(Supplied information Opens)

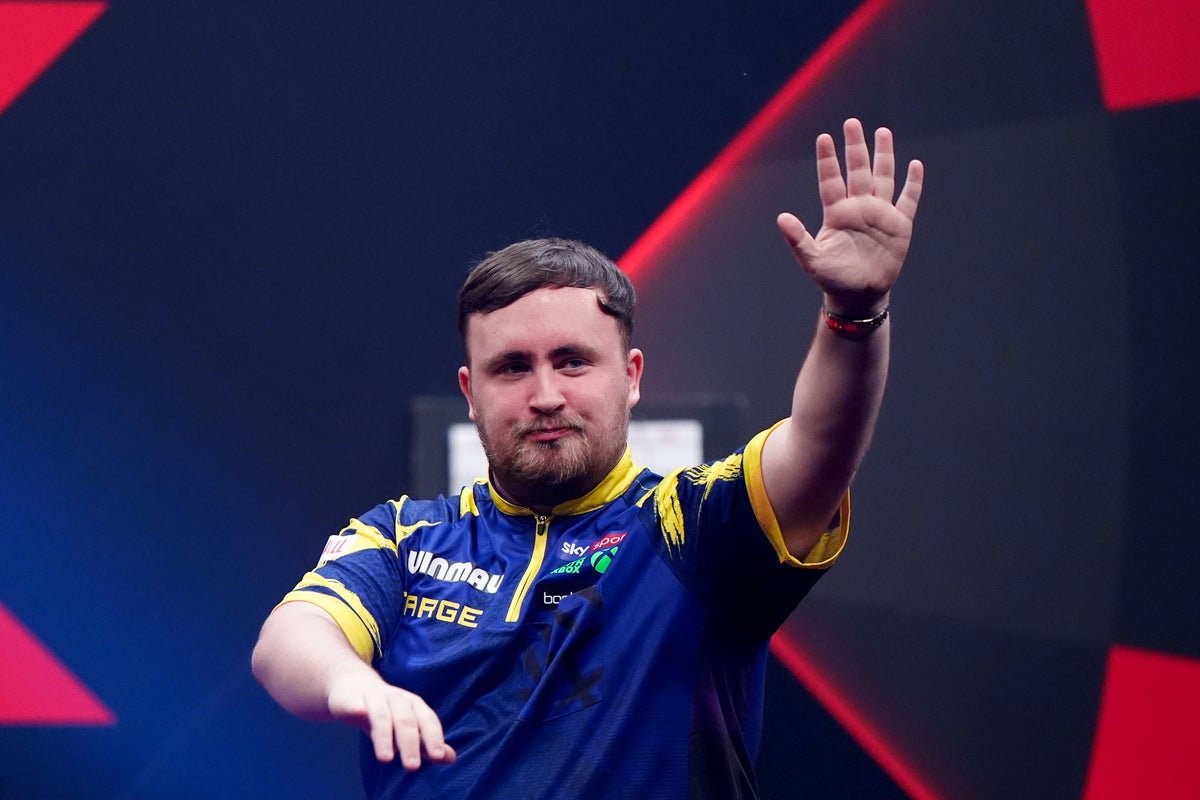 Luke Littler in action at the Premier League darts, throwing a dart with precision and focus, surrounded by a lively crowd, with the Premier League darts logo prominently displayed, highlighting the excitement and colour of the competition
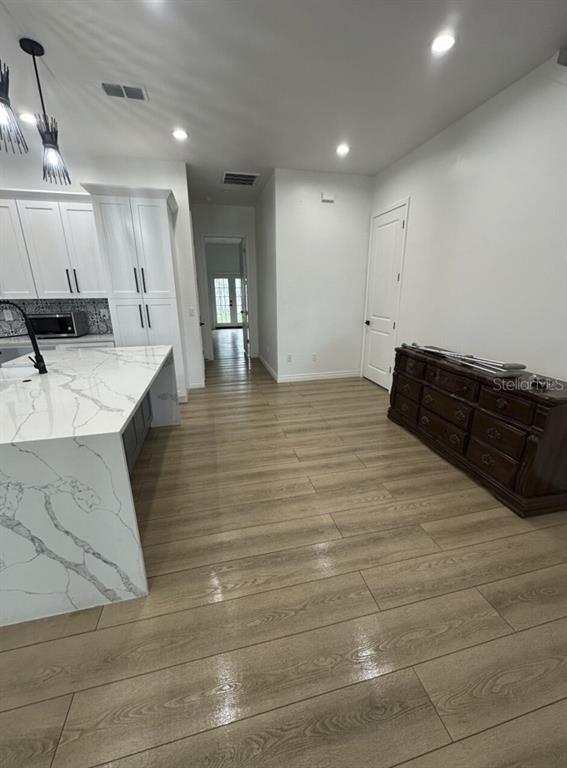 A kitchen with a white marble island, white cabinetry, and wood-look flooring — 319 W WEST STREET, TAMPA, FL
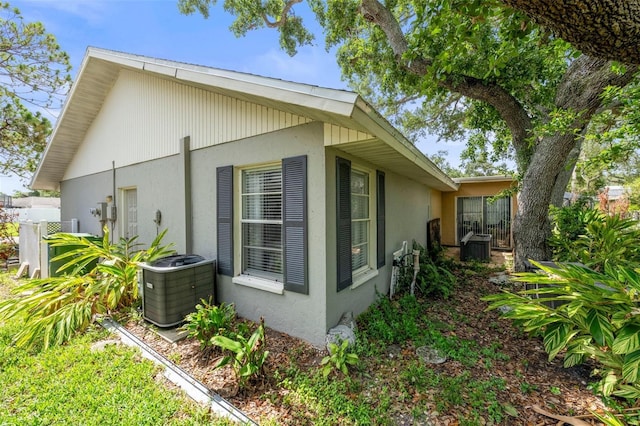 2204 67th St W, Bradenton, FL 34209 - view of side of property featuring central AC and stucco siding
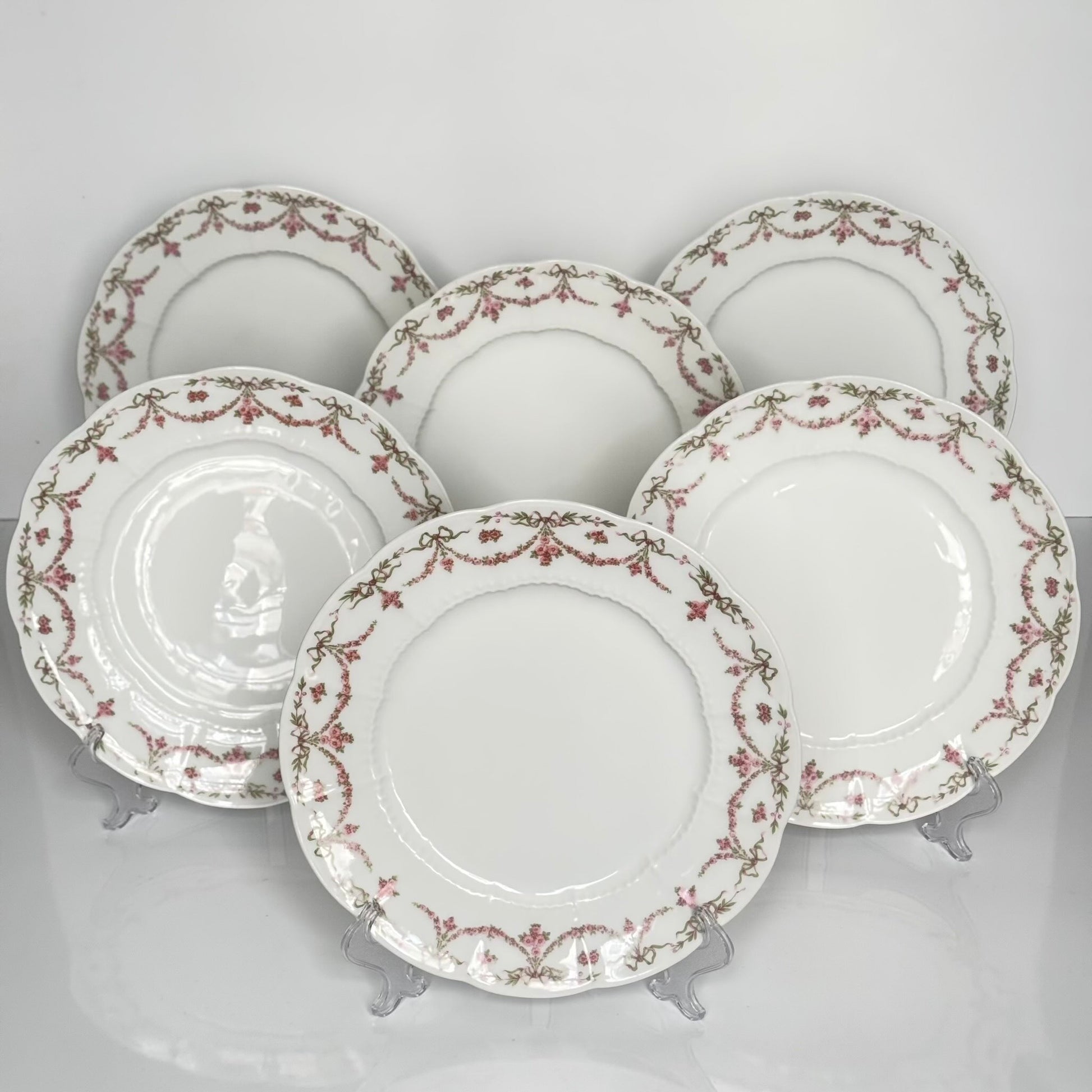 Set of two antique Limoges porcelain dessert plates by Ahrenfeldt, decorated with ribbon motifs and floral garlands, late 19th to early 20th century.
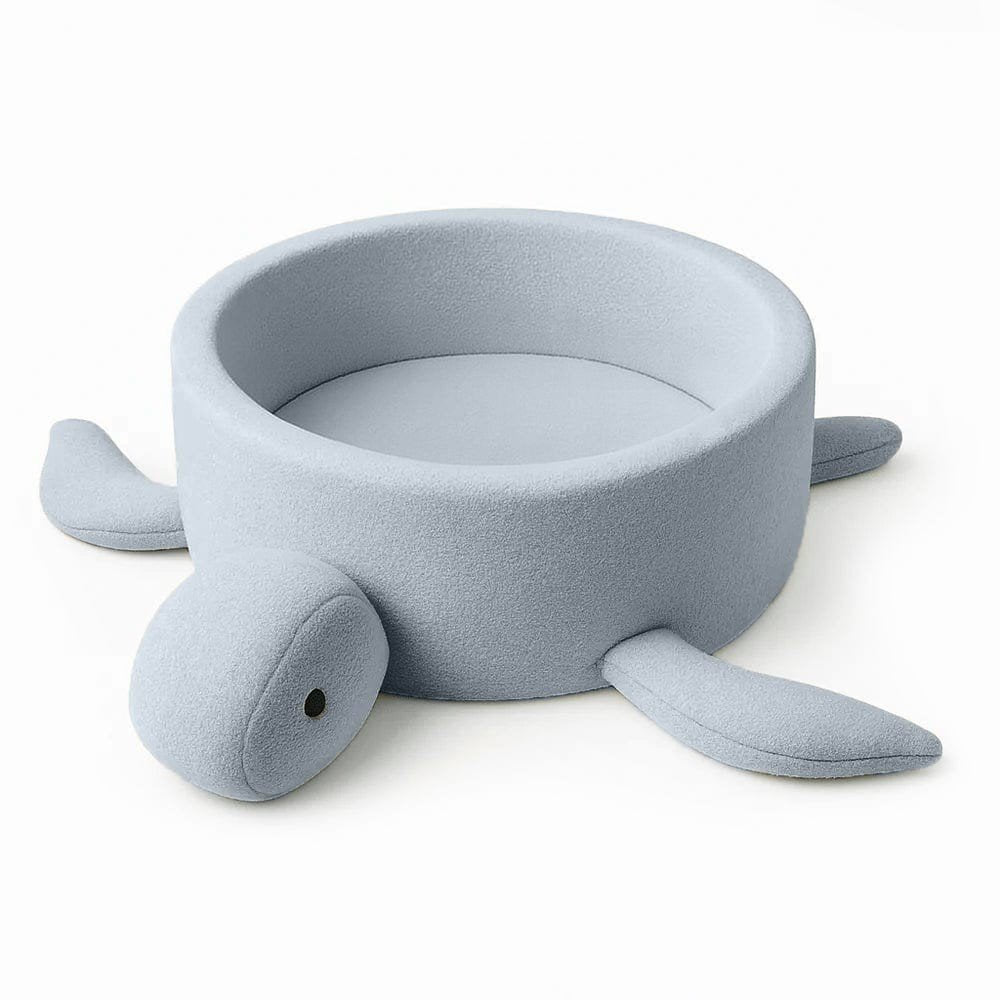 1. Turtle-shaped baby ball pit in dusty ice blue boucle fabric with soft fins, shown empty on a white background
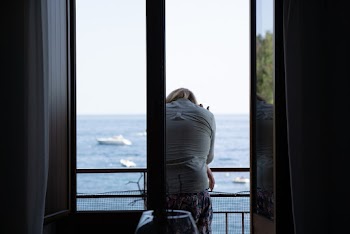 Photo Of Woman Sitting In Terrace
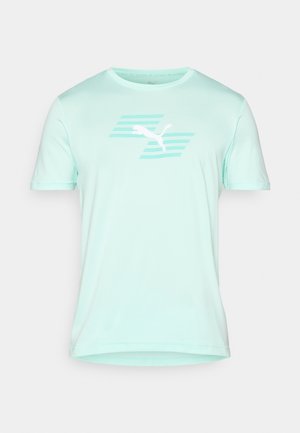 Myntgrønn t-skjorte med korte ermer laget av glatt stoff. Har et hvitt Puma-logo med horisontale striper over. Normal passform.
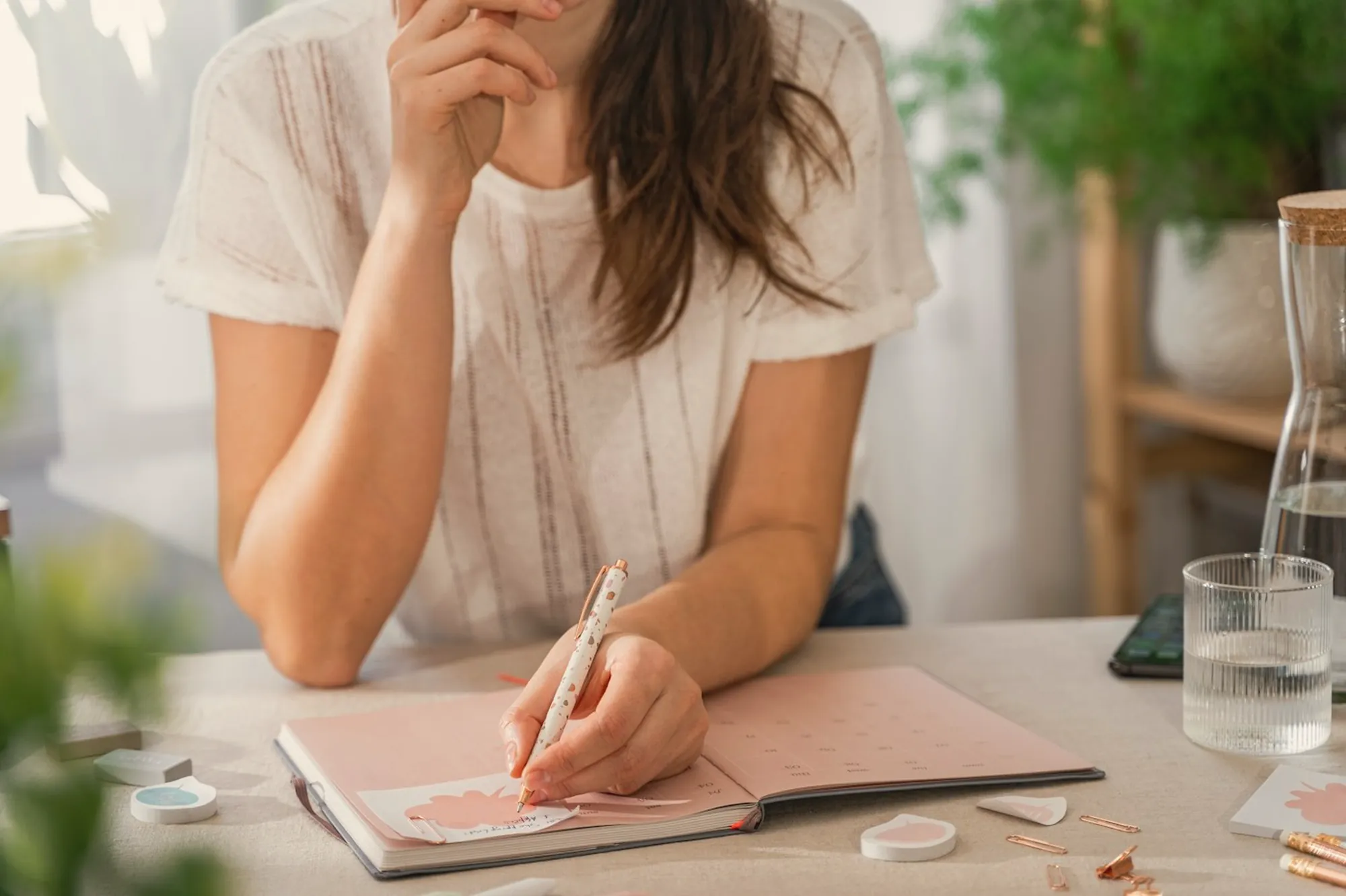A woman thinks over her notes at a desk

(Supplied information Closes)

*Exercise brief*
Copy, without the pictures, exactly the lines from the line with "Myntgrønn t-skjorte med" through the end of the material above, both ends included.

*Response to this exercise*
 Myntgrønn t-skjorte med korte ermer laget av glatt stoff. Har et hvitt Puma-logo med horisontale striper over. Normal passform.
A woman thinks over her notes at a desk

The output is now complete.